Roberto Clemente

How many people know that name? Roberto Clemente. How about Jackie Robinson? While Jackie Robinson, the man that broke the color barrier in baseball, is a household name, I personally feel that the acts of Roberto Clemente go a great deal more unnoticed. Unfortunately, Roberto Clemente is mostly remembered because of his tragic death: a plane crash in the Caribbean on his way to Nicaragua. Roberto Clemente is more than just a superstar baseball player, community servant and Latino. He is a national hero, and the spokesman not just for his native Puerto Rico, but also for Latino ball players as a whole.

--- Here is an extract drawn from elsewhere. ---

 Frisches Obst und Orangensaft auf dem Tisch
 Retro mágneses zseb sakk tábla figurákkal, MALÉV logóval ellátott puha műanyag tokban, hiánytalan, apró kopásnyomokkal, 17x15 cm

Roberto Clemente was born on August 18, 1938 in Carolina, Puerto Rico. In Roberto’s early life, he worked tirelessly in the sugar fields while attending Vizcarando High School. Playing baseball there eventually got him noticed and earned him a spot in the minors on the mainland, where he began to excel as a player but struggled with the racism of the tumultuous 1960s. Struggling to speak the language and being constantly judged by the color of his skin infuriated Clemente. But he kept playing, eventually he was drafted and put under contract by the Pittsburgh Pirates where he gradually became one of the stars of the team. Clemente worked tirelessly to perfect his game and help his team win, not just at the plate but in the field as well. In 1960, Clemente led the league in batting average (.353) and led the Pittsburgh Pirates to a pennant and the World Series title. However, this only earned him a reserve spot in the All-Star game. This slight, just showed the inherent disrespect that many still felt about Latino players. This only motivated Clemente further to prove to everyone that Latino players were just as good as white players.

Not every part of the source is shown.